Work to complete: Reproduce word for word the lines from the beginning of the entries to the line with "Hey everybody, Sean", both included, but none of the pictures.

(Stored data)
--- START ---

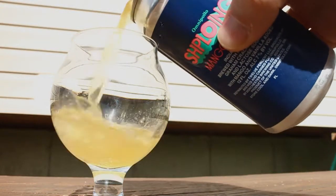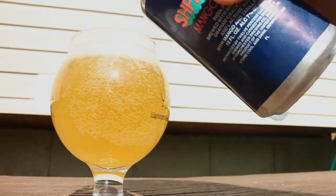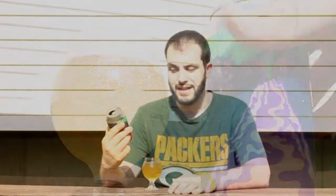So it's brewed with marshmallows, graham crackers, salt, lactose sugar with mango and vanilla. It is 7% ABV. It sounds really different and interesting — not sure how all those things are going to work together, but we'll find out.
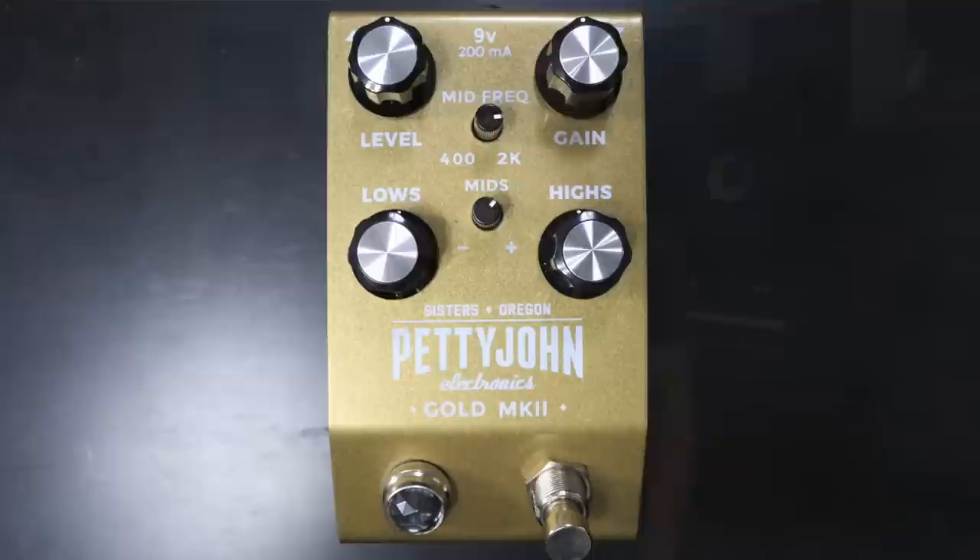Hey everybody, Sean Tubbs here. Thanks for tuning in. This is the Pettyjohn Gold Mark II. This is the updated version of the first Pettyjohn Gold pedal that sounded great. This one is definitely a step up in my humble opinion.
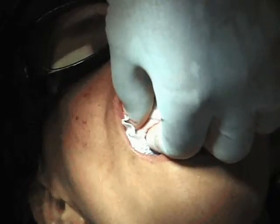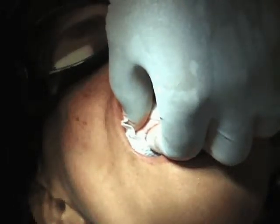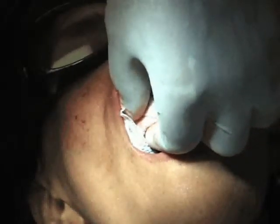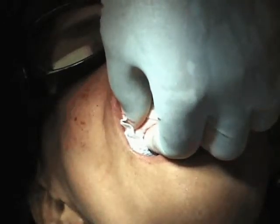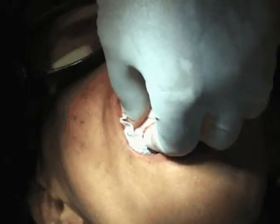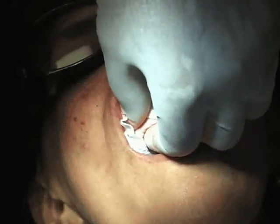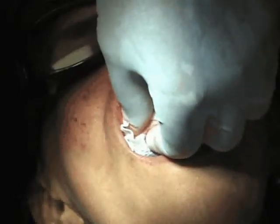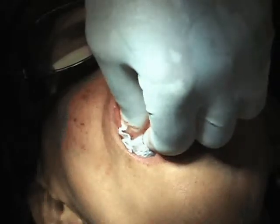On tooth number six, we decontaminated that, etched it, and then treated it with fluoride. We might get some bone attachment, periodontal ligament, or regeneration of that structure. The key here is the fluoridated HA will prevent infection from getting into this area, which basically saves the implant without having to remove it. And that's about all we can expect in this situation.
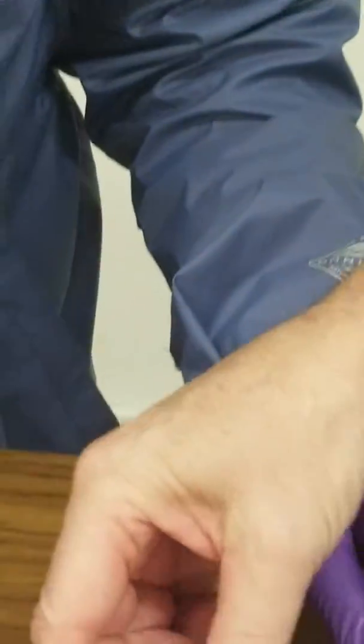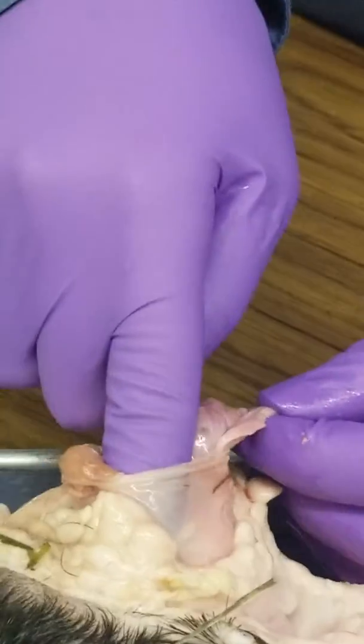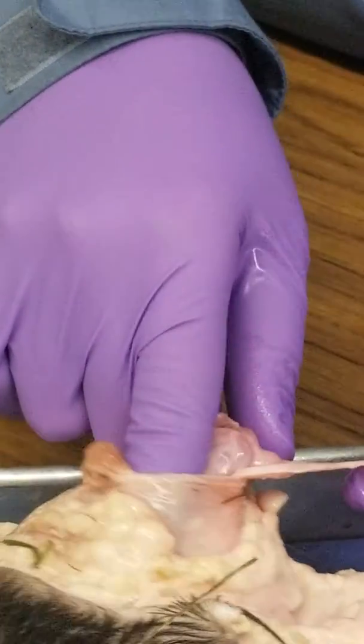And then the cremaster muscle is that thing right there — that one part. It's skeletal muscle. When we stuck our finger in here, touching down here, this is the tunica albuginea.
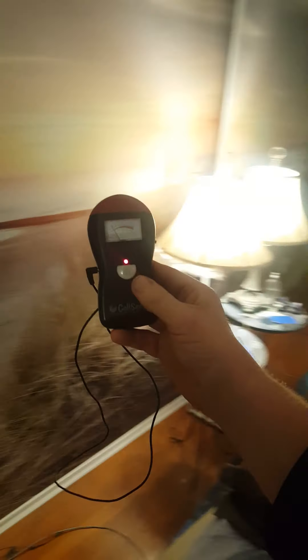It stops over here — this is my bed. I've got an EMF sheet on my bed, which is why it probably doesn't detect it there. It seems to be coming from the ground.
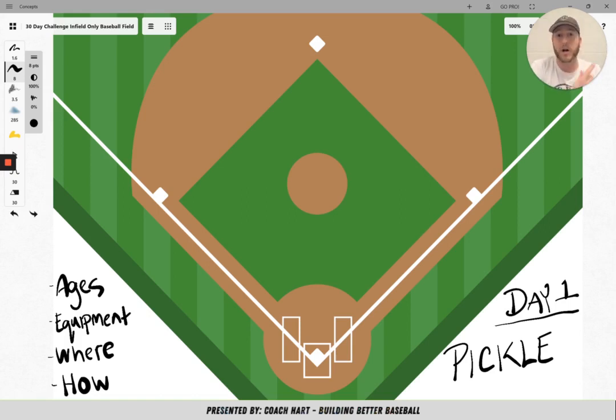The equipment that's needed is just a couple of gloves and a ball. There's going to be two people catching the ball, so they need gloves, and there needs to be one ball — that's the only equipment needed, along with two bases. You should be playing on a baseball field. You can play in between the bases on the dirt, or if you want to set up multiple games of Pickle, you can scatter bases through the outfield or anywhere you can find space to make a baseline.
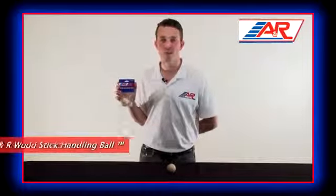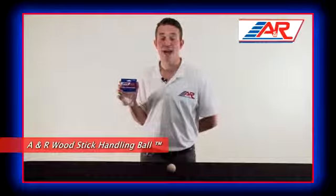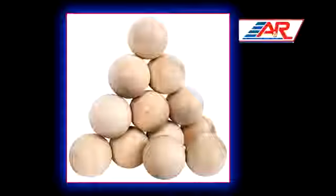Hi, I'm Craig from A&R Sports, here to talk to you about A&R's Wooden Stick Handling Ball. It's a great training product for players of all levels who are looking to improve their puck handling skills.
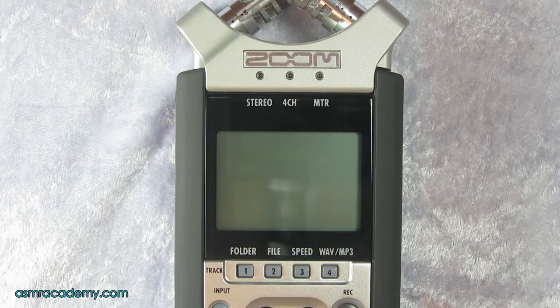In this video I'm going to take you through how to make a stereo recording using the Zoom H4n, from the absolute start to finish without missing anything out.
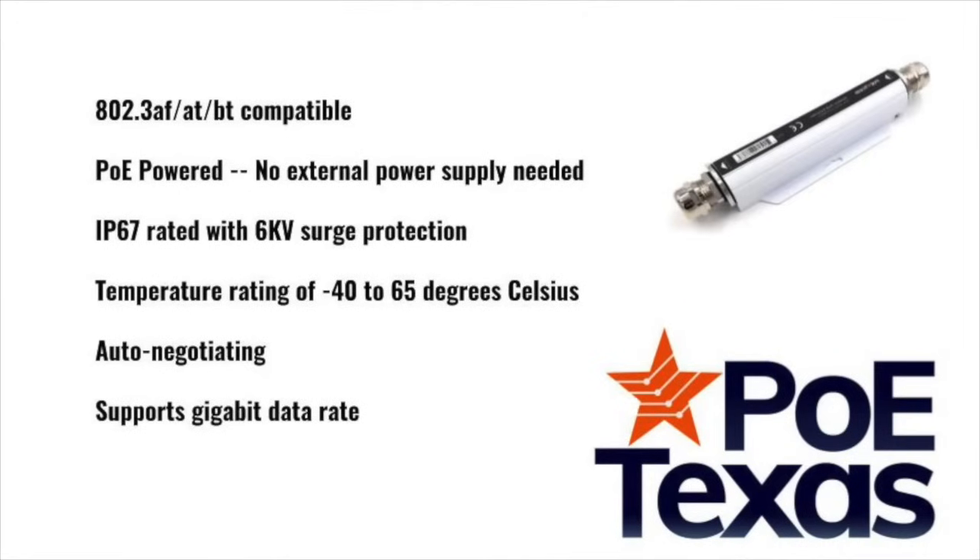The GPOE extender is 802.3 AF, AT, and BT compatible and is also designed to be PoE powered so that you will not need an external power supply to use it. It's IP67 rated as well with 6 kV surge protection and comes with a temperature rating of negative 40 to 65 degrees Celsius. It is auto-negotiating to comply with the PoE AF, AT, and BT standard and supports gigabit data rates.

--- END ---

Response area:
So it's brewed with marshmallows, graham crackers, salt, lactose sugar with mango and vanilla. It is 7% ABV. It sounds really different and interesting — not sure how all those things are going to work together, but we'll find out.
Hey everybody, Sean Tubbs here. Thanks for tuning in. This is the Pettyjohn Gold Mark II. This is the updated version of the first Pettyjohn Gold pedal that sounded great. This one is definitely a step up in my humble opinion.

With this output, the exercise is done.